Tapi sial, rumah Pak Kosim ada satpamnya, walaupun rumah itu sepi di tinggalkan terus oleh penghuninya, satpamnya luar bisa susah ditaklukan. Bukan perempuan dan bukan juga lelaki kekar, tetapi binatang galak yang setiap menit mengeluarakan air liyr dari mulutnya, kami bisa memanggilnya anjing Helder. Suatu ketika, karena tak sabar dengan kepenasaran, ditambah baying-bayang rsa takut kalau mati nggak bisa dibaringkan karena belum tercapainya cita-cita aku dan teman-teman memaksakan diri untuk mewujudkan keinginan itu.
Kami mengira Helder yang menjadi satpam rumah Pak Kosim itu diikat di tiang depan rumah. Si Kencit memastikan kepada kami setelah melihat dari atas pohon rambutan sebrang jalan, maklum rumah Pak Kosim berpagar besi. “whey aman, anjingnya diikat”. Beramai-ramai kami masuk melalui gerbang rumahnya yang tak pernah dikunci, ketika kepala kami masuk, tiba-tiba Helder menggonggong, matanya melotot, lidahnya keluar mengelurakan air liur, tatapanya seolah ingin membunuh kami, dia seolah melihat kami ini sebgai Babi musuh sejati dalam sejarah nenek moyangnya. “jangan takut, diiket ko”. Si Kencit kembali memberikan semangat keberanian kepada kami.
Dengan seketika Helder itu berontak, lari sekuat kijang menuju arah kami, setengah mati dalam pikiranku detik itu juga aku akan mati dimakan Helder. Kami melompat ke sebrang gang untuk menaiki pohon rambutan. Dengan ijin malaikat jahat kami semua berhasil menaiki pohon rambutan dari berbagai arah, untung saja kami Cuma berempat, utara, selatan, barat dan timur bisa dijadikan arah untuk menaiki pohon rambutan secara bersama-sama. Helder menggonggong dengan suara seperti dentuman Bom yang mengancam nyawa kami, aku menangis menjerit-jerit histeris, si Kaka mengikuti jejaku menangis juga. Gila ada penjahat cengeng, malu-maluin, masa pencuri menangis, maklum lah penjahatnya belum professional, masih kursus di Taman Kanak-Kanak.

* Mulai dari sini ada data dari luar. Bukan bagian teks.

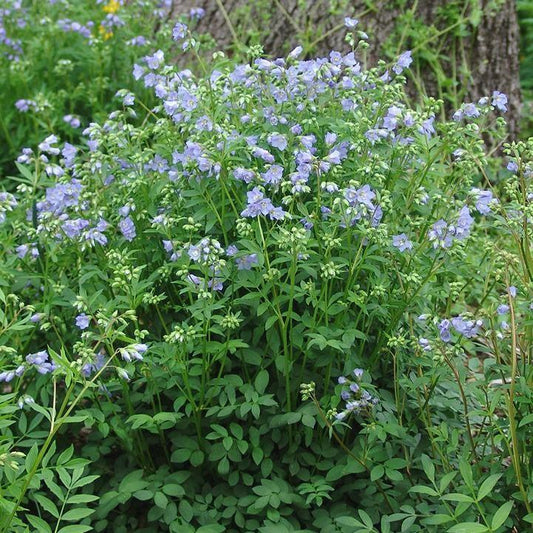 Polemonium reptans  - Jacob's Ladder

Dari balik gerbang Pak Kosim muncul, dia memanggil Helder yang mau menggantikan malaikat pencabut nyawa bagi kami itu. “Moldy…Moldy come here, plese come heare”. Dalam tangisan aku jadi pengen tertawa, gila anjingnya Bule, ngomongnya pake bahasa David Beckham. Pak Kosim mengampiri kami sambil bertanya, “anak-anak kenapa si Moldy sampai bisa lepas dari rantainya ?”. aku nggak mau menjawab diam membisu mirip permapok Bank yang diintrogasi polisi, dengan keberanianya Si Kencit yang menjawab karena dia sendirian yang nggak menangis. “ini pa, bo.. bo …bola kami masuk ke dalam, iya bener bola” dia ngomong dengan terbata-bata. Segera Pak Kosim berjalan menuju gerbang “o gitu”. Di pohon kami ketakutan, takut niat kami ketahuan “aduh gimana nih”, si Kencit mukanya muram.

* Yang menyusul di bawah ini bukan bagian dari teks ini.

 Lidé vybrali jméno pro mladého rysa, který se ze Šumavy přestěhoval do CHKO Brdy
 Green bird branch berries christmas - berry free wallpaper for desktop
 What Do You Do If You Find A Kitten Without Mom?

Pak Kosim muncul secara tiba-tiba di bawah kami, “ko bolanya nggak ada, kalian pasti bohong?”. Kami semua diam saling melirik satu sama lain, dan dengan keberanianya Si Kencit berketa lirih “Iya pak, kami bohong, kami masuk ke dalam pengen mencoba rasanya buah apel itu rasanya kaya gimana?”. Pantas memang bila Si Kencit dianugrahi pengukuhan guru besar, atas keberaninya untuk berkata jujur sama pak Kosim. “heh, kalian ini, kalau mau buah apel kenapa nggak ngomong sama bapak kemarin waktu ketemu, ayo turun, ambil sana kalau mau, anak-anak bapa semuanya nggak ada yang suka”.

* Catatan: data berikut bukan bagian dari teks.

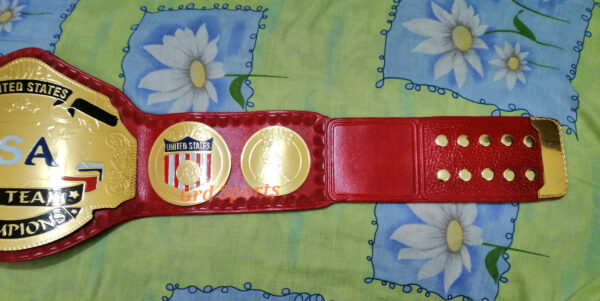 USA TAG TEAM CHAMPION BRASS BELT - Image 3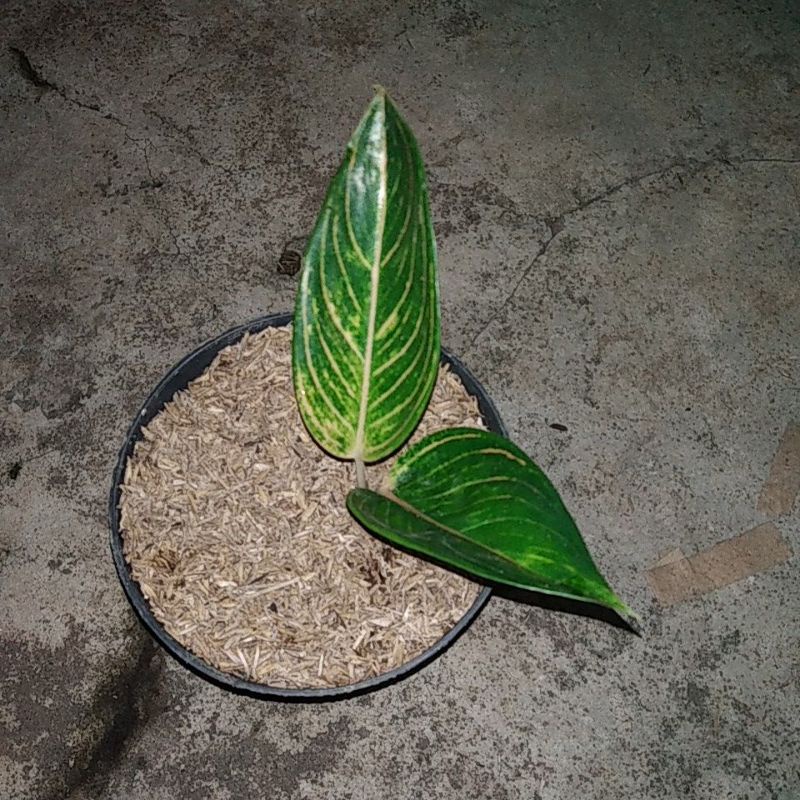 aglonema queen of siam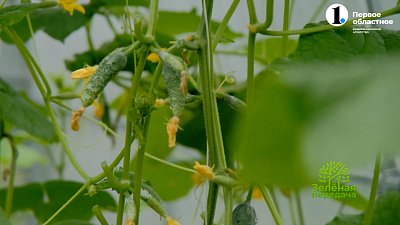 В новом выпуске программы «Зеленая передача» собираем урожай и помогаем растениям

Kami semua tersenyum, tak sabar ingin mencicipi buah yang selalu kami impikan rasanya itu seperti apa, alhamdulillah atas kebaikan pak Kosim kami nggak bakal jadi kalau mati nanti melotot karena ada keinginan yang belum terpenuhi sebgaiaman cerita dari orang-orang di kampung. Semua memetik satu, dengan penuh kegembiraan kami langsung pulang ke rumah masing-masing.
Setibanya di rumah, ibu menghampiriku dengan pertanyaan yang bertubi-tubi, “Gilang dari mana buah itu?, kamu sudah shalat asahar belum ?, tadi catatan di Sekolah mana?”. Ibu pertanyaanya banyak tersu, nggak pernah bertnya satu-satu, aku pun menjawab dengan cepat sambil berjalan menuju dapur untuk mengambil pisau. Sialan pas aku cicipi rasa mangganya asem, pantas warga semuanya nggak ada yang mau menanamnya, pantas juga pak Kosim bilang kalau semua nak-anaknya nggak pada suka. Kalau boleh usul sama yang memberikan nama bagi buah itu, cocoknya jangan dibilang mangga apel, apel itu manis, bilang aja buah coklat, biar nggak tanggung menipunya.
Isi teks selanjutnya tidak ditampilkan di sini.